I'll add some lateral thinking into the equation.
Intel and Micron are already in the process of incorporating FinFET (so-called 3-D transistor) into NAND
High density memory (RAM) using TSV now seems a reality (i.e. Samsung along with Intel et al)
Intel has been exploring how to get ultra-low voltage DDR incorporated into CPU's for 4+ years.
GPGPU (Larrabee/Knights Corner/Ferry), APU's (AMD's Fusion) and CPU's with IGP are all memory dependant -if not memory constrained. It doesn't seem unreasonable to assume that Intel is looking at adding DDR (or GDDR) directly to CPU package. I would also assume that the processor having access to RAM on-die is sure going to add to both bandwidth availability and a huge decrease in latency.
I would think that having access to 1-2Gb of high speed RAM has the potential to be somewhat of a game changer for CPU's with (and probably without) integrated graphics- especially in a mobile/ultraportable package.A next-gen ultra low voltage Atom seems to be high on Intel's list of things-to-do for the mobile space.

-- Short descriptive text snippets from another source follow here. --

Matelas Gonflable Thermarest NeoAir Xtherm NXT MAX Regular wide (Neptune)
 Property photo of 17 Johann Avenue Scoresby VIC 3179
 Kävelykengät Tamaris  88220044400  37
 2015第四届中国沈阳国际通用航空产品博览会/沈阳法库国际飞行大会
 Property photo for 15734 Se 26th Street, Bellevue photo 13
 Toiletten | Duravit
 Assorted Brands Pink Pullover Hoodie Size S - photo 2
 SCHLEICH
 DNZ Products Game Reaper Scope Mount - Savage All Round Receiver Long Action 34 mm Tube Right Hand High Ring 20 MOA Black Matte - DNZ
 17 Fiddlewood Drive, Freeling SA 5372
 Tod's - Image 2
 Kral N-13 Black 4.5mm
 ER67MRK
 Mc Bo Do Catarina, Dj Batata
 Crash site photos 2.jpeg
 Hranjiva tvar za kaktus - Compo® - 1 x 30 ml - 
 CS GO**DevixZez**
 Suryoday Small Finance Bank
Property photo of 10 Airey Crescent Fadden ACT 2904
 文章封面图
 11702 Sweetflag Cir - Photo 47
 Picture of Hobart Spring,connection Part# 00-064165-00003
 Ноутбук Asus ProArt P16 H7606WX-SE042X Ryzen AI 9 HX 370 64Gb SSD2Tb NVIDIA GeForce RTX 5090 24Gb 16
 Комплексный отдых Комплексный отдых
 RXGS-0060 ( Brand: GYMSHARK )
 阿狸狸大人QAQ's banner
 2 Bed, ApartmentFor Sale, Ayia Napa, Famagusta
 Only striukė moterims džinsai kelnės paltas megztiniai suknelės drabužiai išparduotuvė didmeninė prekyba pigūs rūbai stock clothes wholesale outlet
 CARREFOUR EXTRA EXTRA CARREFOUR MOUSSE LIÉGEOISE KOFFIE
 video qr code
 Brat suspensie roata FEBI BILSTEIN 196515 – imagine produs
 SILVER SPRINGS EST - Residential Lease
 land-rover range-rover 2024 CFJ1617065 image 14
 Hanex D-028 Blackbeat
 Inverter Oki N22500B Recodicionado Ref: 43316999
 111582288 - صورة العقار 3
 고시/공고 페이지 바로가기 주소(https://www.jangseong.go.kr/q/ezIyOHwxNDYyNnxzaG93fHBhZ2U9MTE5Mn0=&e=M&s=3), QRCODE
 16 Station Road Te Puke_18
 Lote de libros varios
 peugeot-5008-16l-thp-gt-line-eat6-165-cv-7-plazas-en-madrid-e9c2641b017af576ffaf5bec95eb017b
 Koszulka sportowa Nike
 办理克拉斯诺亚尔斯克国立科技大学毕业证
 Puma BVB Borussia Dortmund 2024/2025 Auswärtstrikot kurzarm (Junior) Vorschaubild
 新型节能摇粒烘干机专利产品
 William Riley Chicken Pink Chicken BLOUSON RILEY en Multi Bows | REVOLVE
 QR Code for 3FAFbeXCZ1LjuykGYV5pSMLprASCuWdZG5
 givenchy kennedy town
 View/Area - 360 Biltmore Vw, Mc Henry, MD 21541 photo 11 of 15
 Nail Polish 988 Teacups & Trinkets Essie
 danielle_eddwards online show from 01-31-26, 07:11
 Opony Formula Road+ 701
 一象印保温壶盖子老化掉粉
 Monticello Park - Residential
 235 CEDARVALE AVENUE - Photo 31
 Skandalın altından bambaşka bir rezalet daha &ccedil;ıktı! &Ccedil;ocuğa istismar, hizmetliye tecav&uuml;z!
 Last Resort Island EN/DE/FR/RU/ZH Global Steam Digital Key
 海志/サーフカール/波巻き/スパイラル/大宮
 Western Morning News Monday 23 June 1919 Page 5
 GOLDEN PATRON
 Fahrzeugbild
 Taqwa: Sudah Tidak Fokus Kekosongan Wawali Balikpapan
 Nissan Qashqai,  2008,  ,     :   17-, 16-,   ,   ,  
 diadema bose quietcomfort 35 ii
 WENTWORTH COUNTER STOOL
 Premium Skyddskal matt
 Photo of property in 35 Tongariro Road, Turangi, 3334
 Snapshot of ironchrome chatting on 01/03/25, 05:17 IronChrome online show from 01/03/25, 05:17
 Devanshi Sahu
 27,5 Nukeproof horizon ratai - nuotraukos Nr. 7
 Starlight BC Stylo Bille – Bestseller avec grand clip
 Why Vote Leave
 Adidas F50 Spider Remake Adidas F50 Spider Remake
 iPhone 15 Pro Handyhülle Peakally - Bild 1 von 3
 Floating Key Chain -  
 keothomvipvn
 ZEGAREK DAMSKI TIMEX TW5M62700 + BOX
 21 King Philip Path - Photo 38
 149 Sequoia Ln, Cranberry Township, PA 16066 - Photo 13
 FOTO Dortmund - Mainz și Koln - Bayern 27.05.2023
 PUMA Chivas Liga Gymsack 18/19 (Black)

Adding in a reasonable IGP an integral memory stack seems like a fairly neat solution if power usage/heat generation can be kept low enough.
Maybe all this tech is unconnected.....but I'm thinking that it's probably not. Just a matter of if I'm joining up the dots correctly. If so, then this 3D/FinFET tech allows for a reasonable shot at a much more complete SoC (system on a chip).
Food for thought ?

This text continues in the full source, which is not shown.